Indeed the onetime graffiti artist, who went on to collaborate with Andy Warhol, packed his works with a mish-mash of ideas ranging from music to contemporary culture to social commentary about racism and injustice.
To mark his 50th birthday, the biggest retrospective yet of Basquiat's work has opened at the Beyeler Foundation in the northern Swiss city of Basel with more than 100 pieces on show, before moving onto Paris.
Many of the works, drawn from both private and public collections around the world, display Basquiat's signature comic-like figures in bold colours.
"When you get into it, there's so much knowledge inside, a lot of contemporary inside," said the curator of the Basel show, Dieter Buchhart.
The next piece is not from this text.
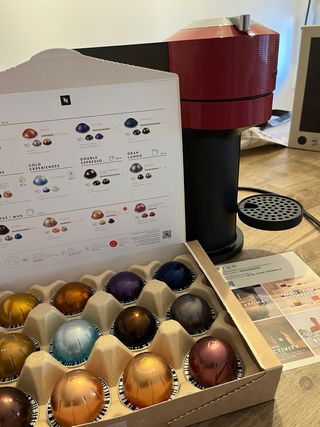 Cafetera Nespresso Vertuo + Caja Degustación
Born in Brooklyn in 1960, Basquiat defied his modest beginnings - his father was a Haitian immigrant and his mother was from Puerto Rico - to became part of the avant-garde New York scene of the 1980s, mixing with Warhol and other renowned artists of the day.
At one point he had a brief affair with then rising singer and actress Madonna.
His first passion was street graffiti, using walls in Brooklyn and Manhattan as his workspace, before Basquiat switched to painting at the age of 19. Friends quickly learned he was not one to spare blank surfaces, at times covering their furniture, even refrigerators, with his drawings.
Among his friends was the rapper Fab 5 Freddy. "He would just famously walk across his paintings which were on the floor. It was just you know, it was very cool," he said at a preview of the Basel show.
Basquiat, some of whose works have sold for millions of dollars, just "held the pencil very loosely. Just let it slide across the page," the rapper said.
The result was an eclectic collection of paintings and collages, some with slogans scrawled on pieces of paper pasted on the canvas and painted over. He drew heavily on references from contemporary culture with a distinctive childlike quality to many of his works.
One piece in the Basel show, for example, is a line drawing of Cassius Clay - the former world heavyweight boxing champion better known as Mohammed Ali. Other works feature much-loved cartoon figures like Felix the Cat or Daffy Duck-like caricatures.
In one of his best known pieces in the retrospective, Basquiat portrayed a figure riding on a skeleton, a work now seen as foreshadowing the artist's early death from a drug overdose in New York.
"I start a picture and I finish it. I don't think about art while I work. I try to think about life," Basquiat once said.
The retrospective was organized in collaboration with the Musee d'Art Moderne de la Ville de Paris (the Modern Art Museum of the city of Paris). It runs in Basel until September 5, then will be on show at the Paris venue from October 15 to January 30, 2011.